▶ [AIM OF THE TASK]: Where a picture appears, leave it out, and transcribe all the lines below exactly.

(DATASET RECORDS Opens)

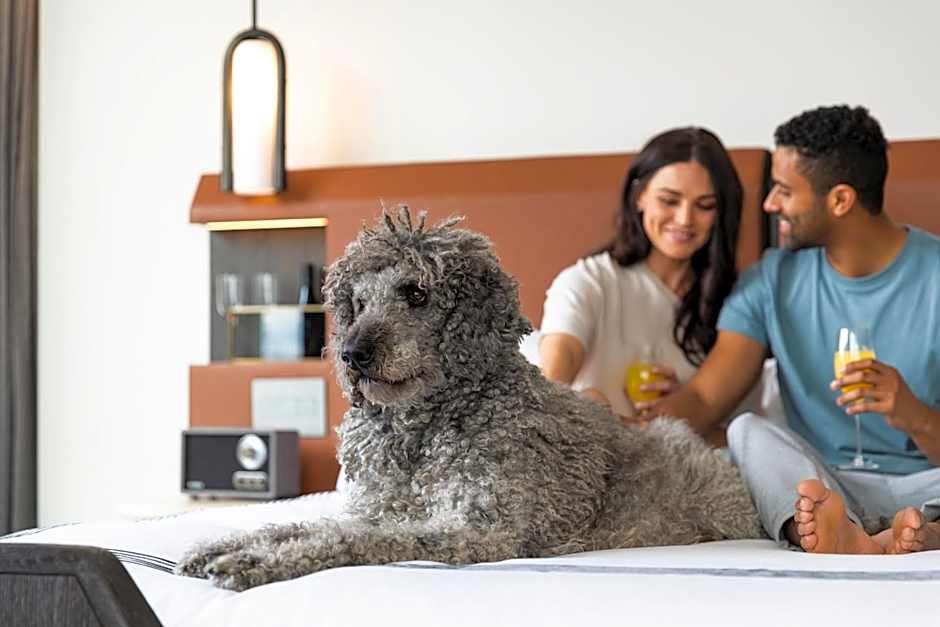 Thompson Denver by Hyatt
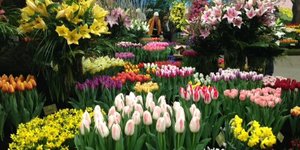 Lentetuin Breezand 2016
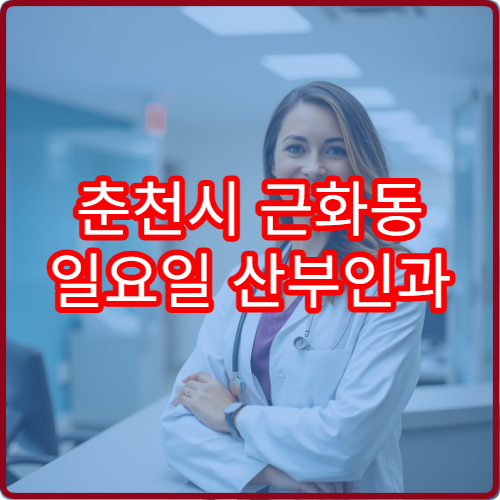 춘천시 근화동 일요일 산부인과 휴일 진료 여부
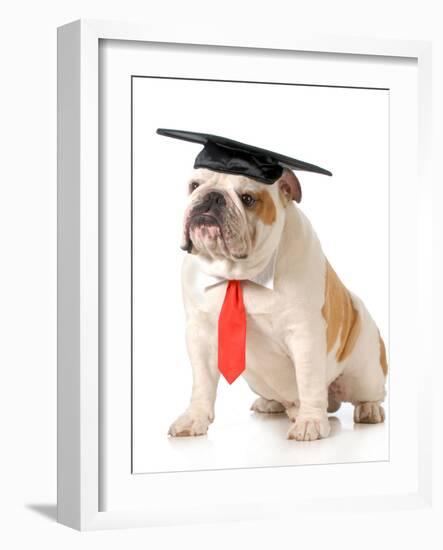 Pet Graduation - English Bulldog Wearing Graduation Cap And Red Tie-Willee Cole-Framed Photographic Print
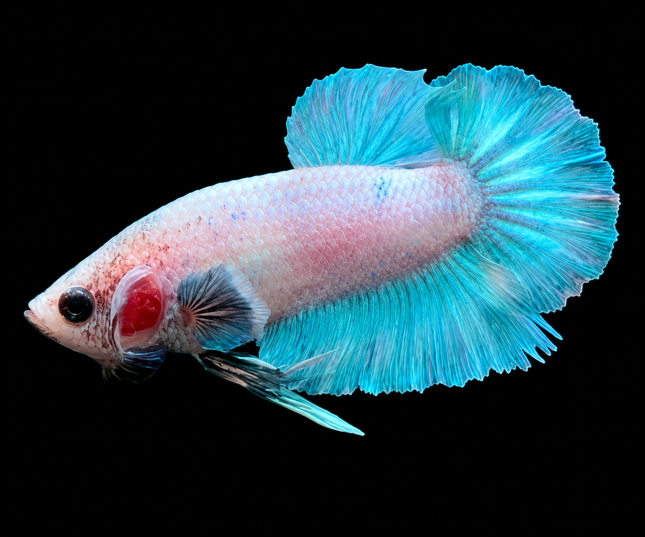 5BT45 - [ARRIVED 29-MAY-2026] Halfmoon Elephant Ear Plakat Male Betta - Nano Tanks Australia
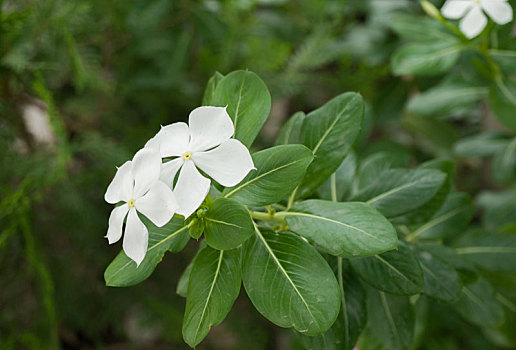 长春花属植物,花,花园,阳光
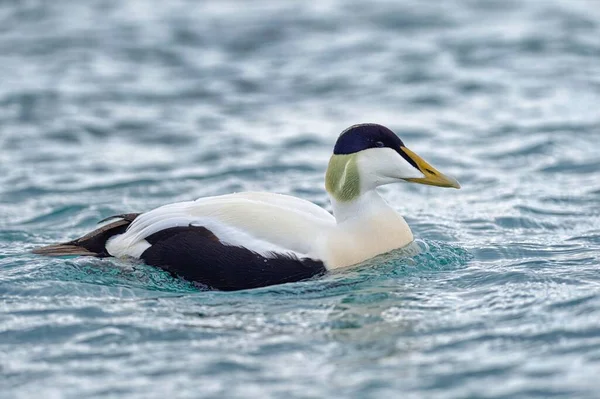 Eider Somateria Mollissima Drake Laguna Lodowcowa Jkulsrln Region Południowy Islandia — Zdjęcie stockowe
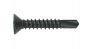 VIS DE TARAUDAGE DIN7504N TÊTE FRAISÉE PHILIPSDRIVE NOIR 4,2X19 (100PC)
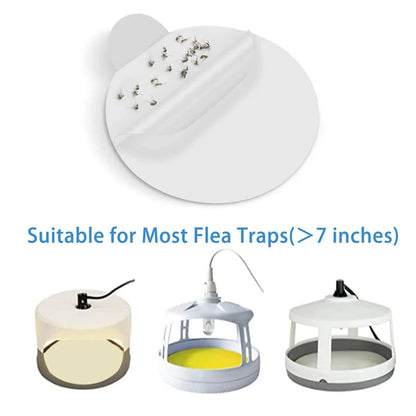 Bed Bug Trap Refill Glue Boards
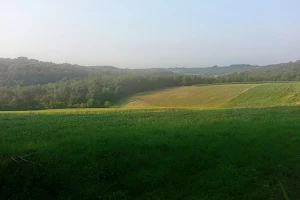 Hillside Orchards image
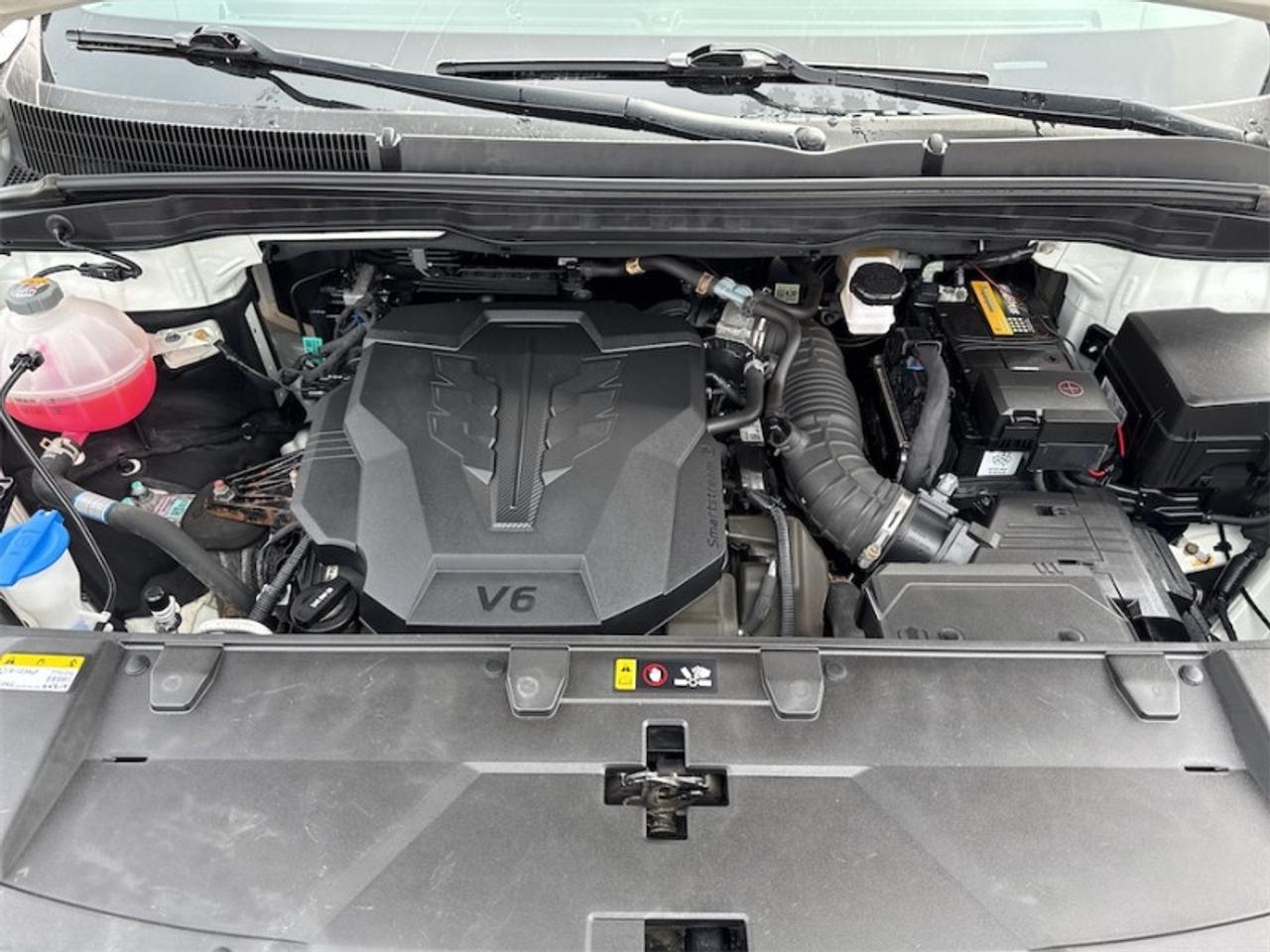 2024 Kia Carnival EX  Leather Seats - $267 B/W Photo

(DATASET RECORDS Closes)

▶ [ANSWER FOR THE TASK]:
 Thompson Denver by Hyatt
 Lentetuin Breezand 2016
 춘천시 근화동 일요일 산부인과 휴일 진료 여부
 Pet Graduation - English Bulldog Wearing Graduation Cap And Red Tie-Willee Cole-Framed Photographic Print
 5BT45 - [ARRIVED 29-MAY-2026] Halfmoon Elephant Ear Plakat Male Betta - Nano Tanks Australia
 长春花属植物,花,花园,阳光
 Eider Somateria Mollissima Drake Laguna Lodowcowa Jkulsrln Region Południowy Islandia — Zdjęcie stockowe
 VIS DE TARAUDAGE DIN7504N TÊTE FRAISÉE PHILIPSDRIVE NOIR 4,2X19 (100PC)
 Bed Bug Trap Refill Glue Boards
 Hillside Orchards image
 2024 Kia Carnival EX  Leather Seats - $267 B/W Photo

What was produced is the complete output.